Tagesgeld auf 4-Jahres Hoch

In den letzten Jahren hat sich das Tagesgeld zu einer sehr beliebten Geglanlage gemausert. Auf der einen Seite bietet es beinahe ähnlich hohe Renditen wie das Festgeld (wenn man Neukundenaktionen mit einbezieht dann gibt es beim Tagesgeld sogar mehr Zinsen als beim Gestgeld) und auf der anderen Seite hat man eine wesentlich höhere Flexibilität. Während beim Festgeld durchschnittlich 4,3 bis 4,4% Zinsen p.a. gezahlt werden, sofern sich der Anleger mindestens zwei Jahre bindet und über diesen Zeitraum über sein Guthaben nicht verfügen kann, werden beim Tagesgeld mittlerweile ebenfalls über 4% Zinsen p.a. gezahlt. Manche europäische Bank bietet gar 5% aufs Tagesgeld. Somit ist das Tagesgeld nicht nur beinahe so attraktiv wie das Festgeld, sondern streng genommen noch attraktiver als Festgeld: da beim Tagesgeld die Zinsen vierteljährlich gutgeschrieben werden (etwa bei der Comdirect, bei Cortal Consors oder bei der 1822direkt) bekommt man beim Festgeld die Zinsen meistens nur jährlich gutgeschrieben. Dies kommt zwar auch bei manchen Tagesgeldkonten vor, jedoch nicht bei den Marktführern in Deutschland.

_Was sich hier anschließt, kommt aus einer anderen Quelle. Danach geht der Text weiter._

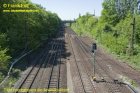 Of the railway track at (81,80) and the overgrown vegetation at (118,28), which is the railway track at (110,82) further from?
the overgrown vegetation at (118,28)

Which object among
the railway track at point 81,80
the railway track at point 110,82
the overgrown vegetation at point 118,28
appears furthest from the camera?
the overgrown vegetation at point 118,28

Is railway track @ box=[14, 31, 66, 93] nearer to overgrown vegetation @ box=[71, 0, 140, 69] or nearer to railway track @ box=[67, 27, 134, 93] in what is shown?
railway track @ box=[67, 27, 134, 93]

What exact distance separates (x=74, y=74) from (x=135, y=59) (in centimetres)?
1321

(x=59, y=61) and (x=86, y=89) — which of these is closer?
(x=86, y=89)

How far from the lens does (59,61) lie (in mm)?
40594

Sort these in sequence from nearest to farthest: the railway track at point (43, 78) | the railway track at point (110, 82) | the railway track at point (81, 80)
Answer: the railway track at point (110, 82) < the railway track at point (81, 80) < the railway track at point (43, 78)

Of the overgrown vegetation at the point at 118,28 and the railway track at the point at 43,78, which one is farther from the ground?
the overgrown vegetation at the point at 118,28

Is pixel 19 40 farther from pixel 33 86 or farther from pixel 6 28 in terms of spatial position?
pixel 33 86

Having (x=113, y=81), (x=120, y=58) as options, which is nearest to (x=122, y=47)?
(x=120, y=58)

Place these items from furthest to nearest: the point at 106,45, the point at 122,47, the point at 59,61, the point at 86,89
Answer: the point at 106,45, the point at 122,47, the point at 59,61, the point at 86,89

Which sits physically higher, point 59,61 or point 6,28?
point 6,28

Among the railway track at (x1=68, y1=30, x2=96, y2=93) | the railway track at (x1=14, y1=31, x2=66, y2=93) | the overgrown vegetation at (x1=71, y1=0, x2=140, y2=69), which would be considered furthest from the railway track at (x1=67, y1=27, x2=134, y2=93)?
the overgrown vegetation at (x1=71, y1=0, x2=140, y2=69)

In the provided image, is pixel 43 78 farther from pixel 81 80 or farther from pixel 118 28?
pixel 118 28

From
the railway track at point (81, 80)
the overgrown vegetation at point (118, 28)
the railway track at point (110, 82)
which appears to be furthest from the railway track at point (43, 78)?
the overgrown vegetation at point (118, 28) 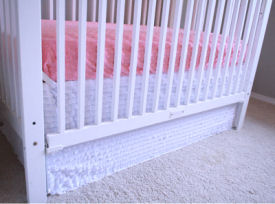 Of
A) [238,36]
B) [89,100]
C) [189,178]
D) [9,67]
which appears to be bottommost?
[189,178]

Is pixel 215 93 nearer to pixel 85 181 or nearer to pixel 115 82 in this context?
pixel 115 82

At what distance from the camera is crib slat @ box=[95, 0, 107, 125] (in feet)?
2.55

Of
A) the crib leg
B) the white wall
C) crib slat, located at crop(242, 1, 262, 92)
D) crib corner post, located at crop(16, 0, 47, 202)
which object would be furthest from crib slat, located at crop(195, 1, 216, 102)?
the white wall

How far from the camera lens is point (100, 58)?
82 centimetres

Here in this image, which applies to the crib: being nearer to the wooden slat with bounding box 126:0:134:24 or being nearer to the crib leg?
the crib leg

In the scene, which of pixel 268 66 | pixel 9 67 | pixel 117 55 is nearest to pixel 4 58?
pixel 9 67

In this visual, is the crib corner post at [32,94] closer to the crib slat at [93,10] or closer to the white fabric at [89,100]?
the white fabric at [89,100]

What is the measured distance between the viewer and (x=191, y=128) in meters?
1.35

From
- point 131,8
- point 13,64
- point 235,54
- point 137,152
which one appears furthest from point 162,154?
point 131,8

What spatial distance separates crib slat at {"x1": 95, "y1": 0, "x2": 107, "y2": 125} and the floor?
29cm

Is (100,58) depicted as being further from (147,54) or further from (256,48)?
(256,48)

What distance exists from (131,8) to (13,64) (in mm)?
1586

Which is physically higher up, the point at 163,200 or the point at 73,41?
the point at 73,41

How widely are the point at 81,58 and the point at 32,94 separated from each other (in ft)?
0.60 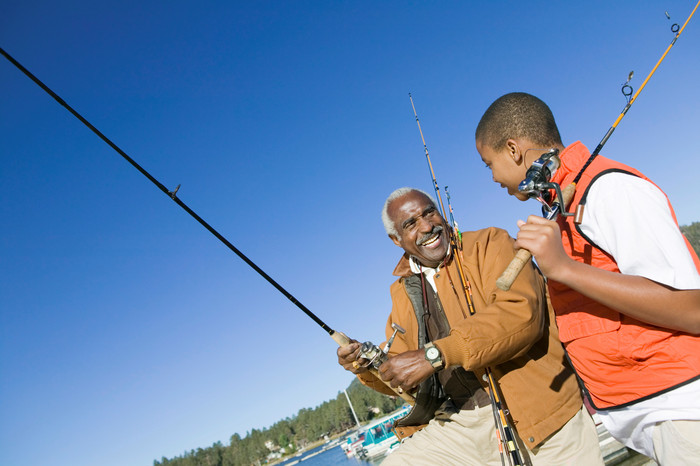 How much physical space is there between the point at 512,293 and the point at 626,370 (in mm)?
1068

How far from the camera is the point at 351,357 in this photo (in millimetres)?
4234

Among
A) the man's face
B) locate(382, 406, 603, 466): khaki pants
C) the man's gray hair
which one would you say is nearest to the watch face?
locate(382, 406, 603, 466): khaki pants

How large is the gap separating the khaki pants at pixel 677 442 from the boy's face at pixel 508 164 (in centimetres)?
144

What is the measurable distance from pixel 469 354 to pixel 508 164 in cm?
132

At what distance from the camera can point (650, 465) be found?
473 cm

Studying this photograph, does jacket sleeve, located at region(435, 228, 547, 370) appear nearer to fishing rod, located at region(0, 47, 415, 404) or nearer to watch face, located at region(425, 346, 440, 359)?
watch face, located at region(425, 346, 440, 359)

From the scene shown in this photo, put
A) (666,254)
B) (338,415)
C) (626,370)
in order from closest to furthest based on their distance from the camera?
(666,254) → (626,370) → (338,415)

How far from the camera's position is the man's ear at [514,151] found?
3.19 metres

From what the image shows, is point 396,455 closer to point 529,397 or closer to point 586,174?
point 529,397

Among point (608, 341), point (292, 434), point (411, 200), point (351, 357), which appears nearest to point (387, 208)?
point (411, 200)

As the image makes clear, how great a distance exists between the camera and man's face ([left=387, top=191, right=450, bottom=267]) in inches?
180

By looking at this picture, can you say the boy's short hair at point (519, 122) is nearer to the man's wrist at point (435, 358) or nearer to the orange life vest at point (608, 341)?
the orange life vest at point (608, 341)

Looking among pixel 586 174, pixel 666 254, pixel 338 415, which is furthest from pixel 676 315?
pixel 338 415

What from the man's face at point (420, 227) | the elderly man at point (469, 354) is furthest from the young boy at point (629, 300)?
the man's face at point (420, 227) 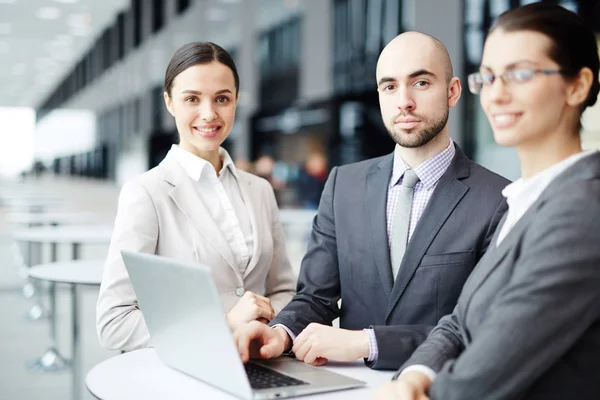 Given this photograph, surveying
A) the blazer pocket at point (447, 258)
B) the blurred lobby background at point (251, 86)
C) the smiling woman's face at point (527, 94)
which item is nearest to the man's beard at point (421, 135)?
the blazer pocket at point (447, 258)

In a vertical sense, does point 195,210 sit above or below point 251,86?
below

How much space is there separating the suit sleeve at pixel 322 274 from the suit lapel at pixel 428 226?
0.22 meters

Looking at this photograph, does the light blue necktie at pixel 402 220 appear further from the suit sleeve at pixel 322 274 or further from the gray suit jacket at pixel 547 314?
the gray suit jacket at pixel 547 314

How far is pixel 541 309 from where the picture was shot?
1147mm

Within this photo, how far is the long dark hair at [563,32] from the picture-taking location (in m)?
1.26

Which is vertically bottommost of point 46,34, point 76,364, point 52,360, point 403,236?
point 52,360

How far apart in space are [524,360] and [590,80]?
52 cm

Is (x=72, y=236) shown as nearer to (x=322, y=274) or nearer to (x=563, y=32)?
(x=322, y=274)

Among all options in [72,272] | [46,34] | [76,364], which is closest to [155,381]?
[72,272]

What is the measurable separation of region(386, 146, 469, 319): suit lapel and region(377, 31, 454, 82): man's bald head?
11.4 inches

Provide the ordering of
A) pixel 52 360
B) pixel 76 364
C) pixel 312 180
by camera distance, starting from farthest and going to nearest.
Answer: pixel 312 180
pixel 52 360
pixel 76 364

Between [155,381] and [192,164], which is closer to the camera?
[155,381]

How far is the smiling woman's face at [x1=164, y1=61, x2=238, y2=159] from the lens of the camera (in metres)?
2.17

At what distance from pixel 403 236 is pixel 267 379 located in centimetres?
61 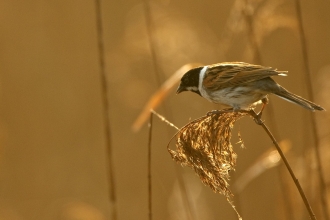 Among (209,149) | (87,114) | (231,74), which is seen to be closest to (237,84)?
(231,74)

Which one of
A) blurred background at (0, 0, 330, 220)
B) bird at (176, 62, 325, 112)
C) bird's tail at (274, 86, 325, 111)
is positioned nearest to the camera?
bird's tail at (274, 86, 325, 111)

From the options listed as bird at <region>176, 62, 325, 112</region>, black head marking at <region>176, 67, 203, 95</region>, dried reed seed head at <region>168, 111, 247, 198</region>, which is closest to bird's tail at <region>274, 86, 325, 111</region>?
bird at <region>176, 62, 325, 112</region>

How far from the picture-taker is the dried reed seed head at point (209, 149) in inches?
69.7

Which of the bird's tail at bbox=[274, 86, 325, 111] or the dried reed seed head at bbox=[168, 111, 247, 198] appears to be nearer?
the dried reed seed head at bbox=[168, 111, 247, 198]

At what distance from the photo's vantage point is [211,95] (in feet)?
8.15

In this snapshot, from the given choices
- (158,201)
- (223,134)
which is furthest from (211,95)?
(158,201)

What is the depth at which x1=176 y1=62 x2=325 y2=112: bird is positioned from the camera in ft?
7.48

Weiterhin hat das Tagesgeld eigentlich keinen Nachteil gegenüber dem Festgeld: die Absicherung ist in der Regel zu 100% gewährleistet (etwa durch den Sparkassen-Sicherungsfonds Hessen-Thüringen im Falle der 1822direkt), weshalb ein Totalverlust im Gegensatz zu anderen Geldmarkt-basierten Anlagen wie etwa den Geldmarktfonds ausgeschlossen werden kann.

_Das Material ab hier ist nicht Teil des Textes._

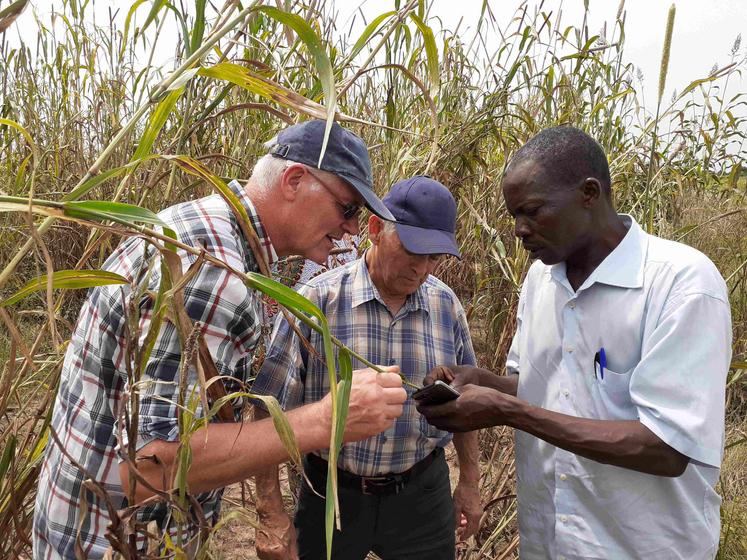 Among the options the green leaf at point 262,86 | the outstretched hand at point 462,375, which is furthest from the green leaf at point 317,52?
the outstretched hand at point 462,375

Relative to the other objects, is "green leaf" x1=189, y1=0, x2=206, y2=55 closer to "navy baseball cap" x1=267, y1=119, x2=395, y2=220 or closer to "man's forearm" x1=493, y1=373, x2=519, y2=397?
"navy baseball cap" x1=267, y1=119, x2=395, y2=220

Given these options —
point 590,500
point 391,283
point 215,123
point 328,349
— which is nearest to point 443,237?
point 391,283

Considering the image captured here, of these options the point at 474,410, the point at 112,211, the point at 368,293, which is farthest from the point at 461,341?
the point at 112,211

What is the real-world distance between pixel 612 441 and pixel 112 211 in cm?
112

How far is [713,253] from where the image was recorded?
3.71 meters

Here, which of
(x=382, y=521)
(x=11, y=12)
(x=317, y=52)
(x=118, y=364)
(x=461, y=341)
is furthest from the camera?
(x=461, y=341)

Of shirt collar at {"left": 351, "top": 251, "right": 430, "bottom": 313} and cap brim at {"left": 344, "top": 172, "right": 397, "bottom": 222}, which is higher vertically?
cap brim at {"left": 344, "top": 172, "right": 397, "bottom": 222}

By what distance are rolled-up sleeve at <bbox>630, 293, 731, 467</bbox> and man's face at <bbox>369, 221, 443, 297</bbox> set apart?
769 mm

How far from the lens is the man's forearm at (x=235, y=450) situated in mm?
1215

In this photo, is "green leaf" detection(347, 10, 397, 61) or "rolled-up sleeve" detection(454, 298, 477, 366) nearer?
"green leaf" detection(347, 10, 397, 61)

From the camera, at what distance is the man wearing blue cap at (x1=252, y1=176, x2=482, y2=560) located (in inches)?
79.7

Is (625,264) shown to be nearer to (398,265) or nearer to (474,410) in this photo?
(474,410)

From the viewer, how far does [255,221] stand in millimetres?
1428

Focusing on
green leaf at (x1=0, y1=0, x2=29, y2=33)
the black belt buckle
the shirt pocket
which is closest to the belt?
the black belt buckle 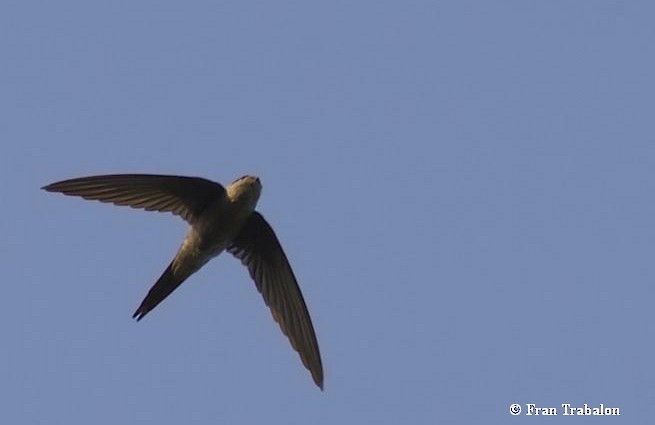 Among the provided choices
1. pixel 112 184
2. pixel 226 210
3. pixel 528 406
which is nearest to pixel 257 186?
pixel 226 210

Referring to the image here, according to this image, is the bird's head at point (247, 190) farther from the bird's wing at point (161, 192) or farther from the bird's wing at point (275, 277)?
the bird's wing at point (275, 277)

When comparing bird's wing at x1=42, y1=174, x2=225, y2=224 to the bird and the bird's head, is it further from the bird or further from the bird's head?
the bird's head

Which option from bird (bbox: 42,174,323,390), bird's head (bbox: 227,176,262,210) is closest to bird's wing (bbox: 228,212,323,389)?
bird (bbox: 42,174,323,390)

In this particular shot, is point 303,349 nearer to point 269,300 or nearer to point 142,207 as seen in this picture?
point 269,300

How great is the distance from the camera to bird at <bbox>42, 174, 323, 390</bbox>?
10312 mm

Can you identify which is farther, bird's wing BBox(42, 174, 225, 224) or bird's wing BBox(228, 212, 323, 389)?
bird's wing BBox(228, 212, 323, 389)

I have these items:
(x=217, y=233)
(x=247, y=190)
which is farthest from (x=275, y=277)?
(x=247, y=190)

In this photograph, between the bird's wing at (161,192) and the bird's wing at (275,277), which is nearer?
the bird's wing at (161,192)

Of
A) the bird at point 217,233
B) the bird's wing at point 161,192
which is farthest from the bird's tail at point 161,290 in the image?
the bird's wing at point 161,192

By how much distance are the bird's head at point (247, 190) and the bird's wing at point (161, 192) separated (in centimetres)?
15

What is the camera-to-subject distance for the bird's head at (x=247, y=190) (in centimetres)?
1034

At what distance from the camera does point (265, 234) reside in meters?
10.9

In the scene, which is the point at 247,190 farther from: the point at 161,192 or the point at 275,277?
the point at 275,277

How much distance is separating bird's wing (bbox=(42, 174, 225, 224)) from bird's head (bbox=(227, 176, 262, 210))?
0.15 metres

Tagesgeldkonten haben dem Sparbuch schon lange den Rang abgelaufen und sind im Begriff auch das Festgeld in Punto Attraktivität zuüberholen. Fraglich nu, wie lange die Deutschen noch auf ihre liebsten Geldanlagen, Sparbuch und Festgeld, vertrauen statt endlich die Zeichen der Zeit zu erkennen und aufs Tagesgeld zu setzen. Die jüngeren Anleger, mit meist akademischem Hintergrund gehen bereits dazu über, aber die Mehrheit der Anleger sind noch weit davon entfernt.